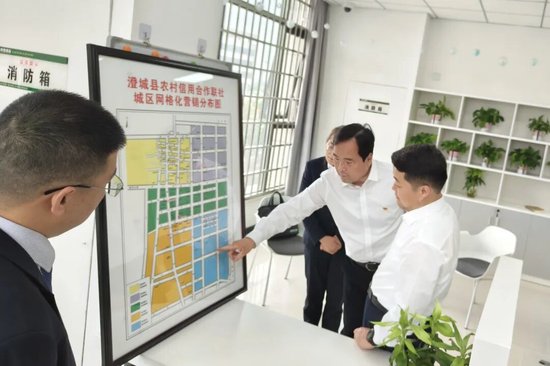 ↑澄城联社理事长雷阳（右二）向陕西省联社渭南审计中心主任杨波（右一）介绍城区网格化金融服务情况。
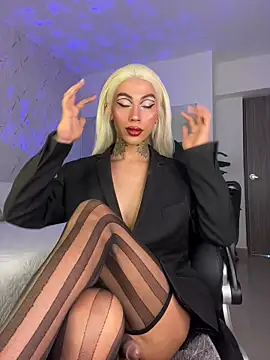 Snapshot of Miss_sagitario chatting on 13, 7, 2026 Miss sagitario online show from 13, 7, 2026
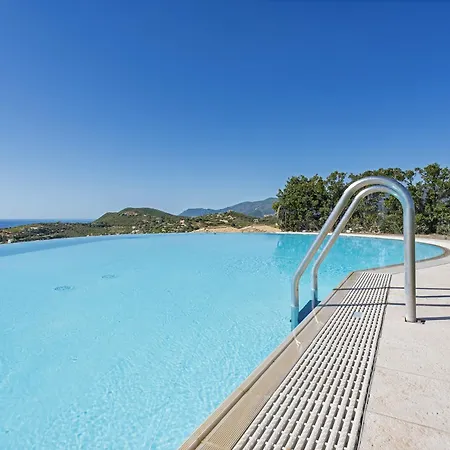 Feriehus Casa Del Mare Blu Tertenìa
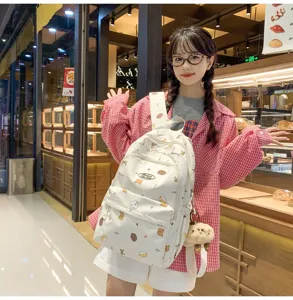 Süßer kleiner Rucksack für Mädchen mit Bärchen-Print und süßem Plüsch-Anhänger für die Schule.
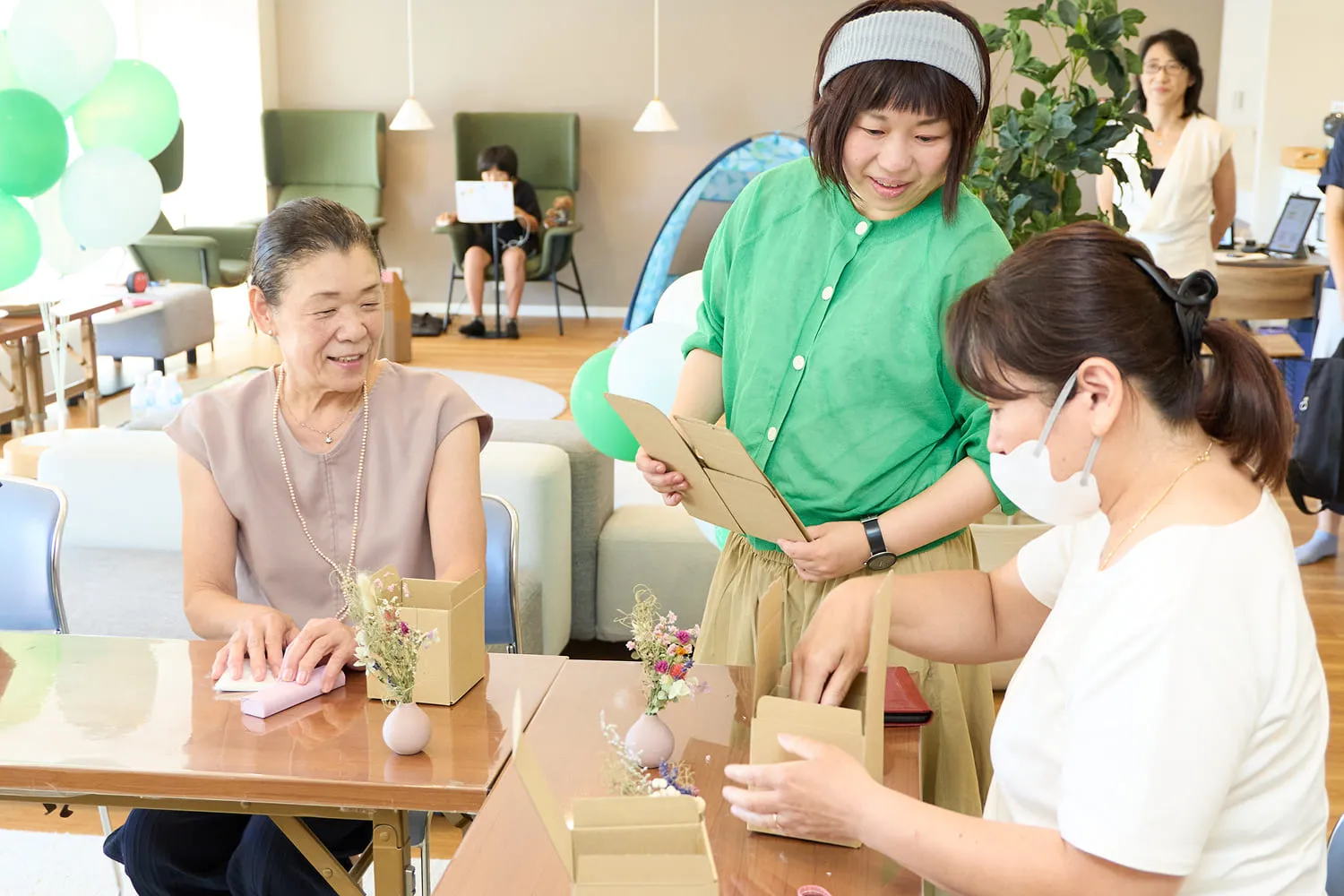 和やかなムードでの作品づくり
...
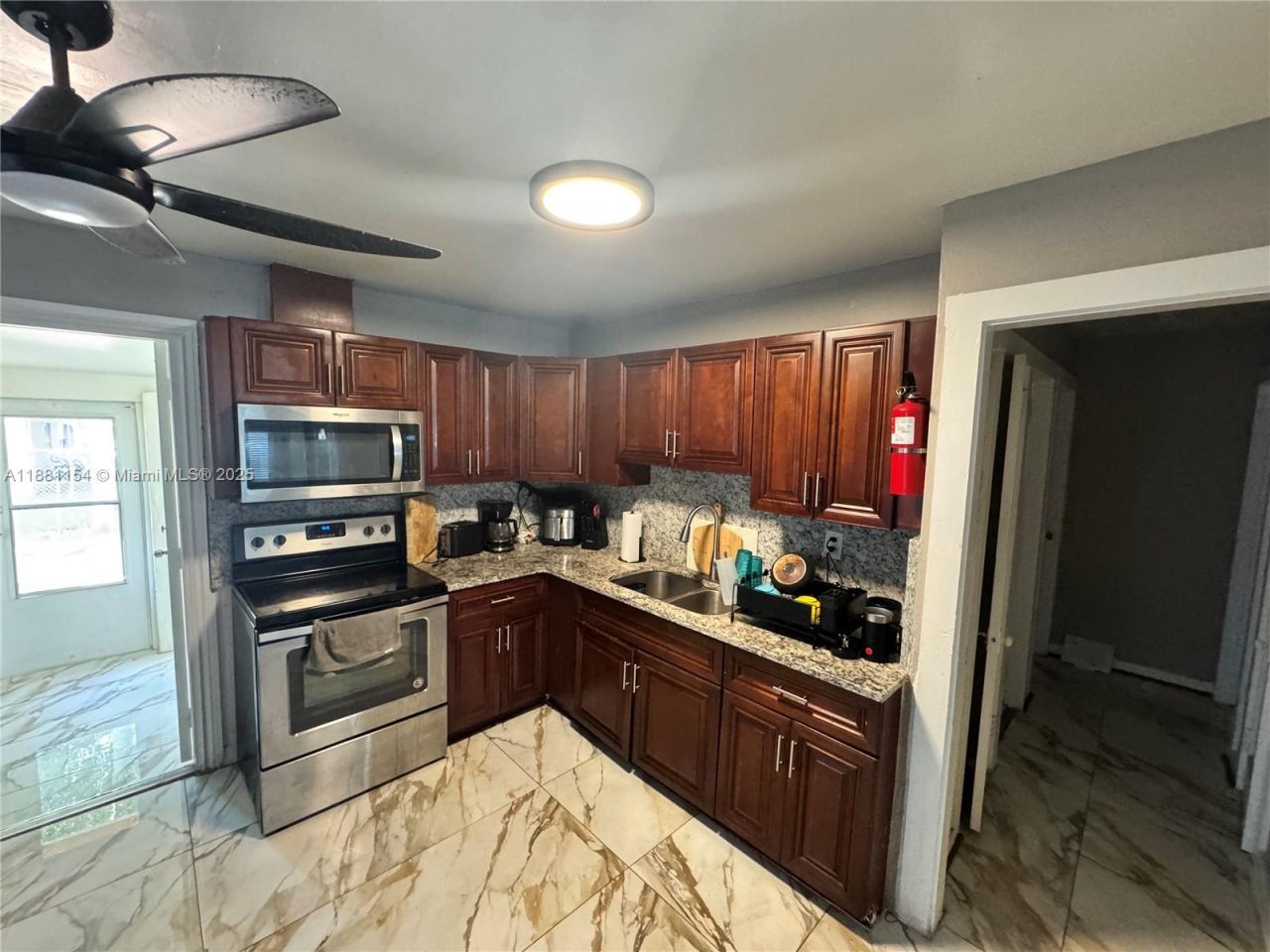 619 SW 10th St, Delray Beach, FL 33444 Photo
---
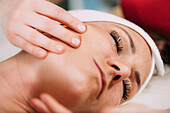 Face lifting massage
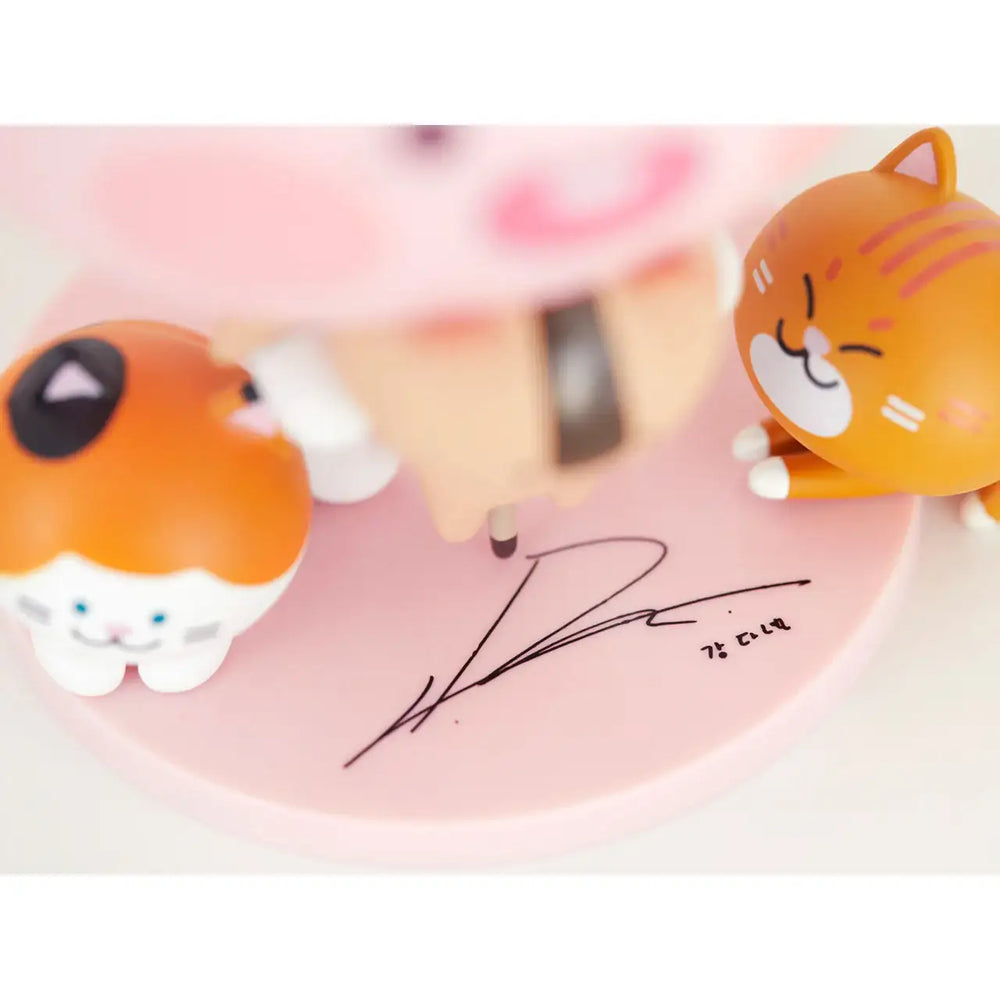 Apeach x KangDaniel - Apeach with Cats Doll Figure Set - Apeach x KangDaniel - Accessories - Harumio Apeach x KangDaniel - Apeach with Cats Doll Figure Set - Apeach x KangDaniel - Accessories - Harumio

§ **Aim of the exercise**:
Beginning with the line that contains "Snapshot of Miss_sagitario", write out the lines of the material above exactly, and end with the line that contains "和やかなムードでの作品づくり". Omit the pictures.

§ **Answer area**:
 Snapshot of Miss_sagitario chatting on 13, 7, 2026 Miss sagitario online show from 13, 7, 2026
 Feriehus Casa Del Mare Blu Tertenìa
 Süßer kleiner Rucksack für Mädchen mit Bärchen-Print und süßem Plüsch-Anhänger für die Schule.
 和やかなムードでの作品づくり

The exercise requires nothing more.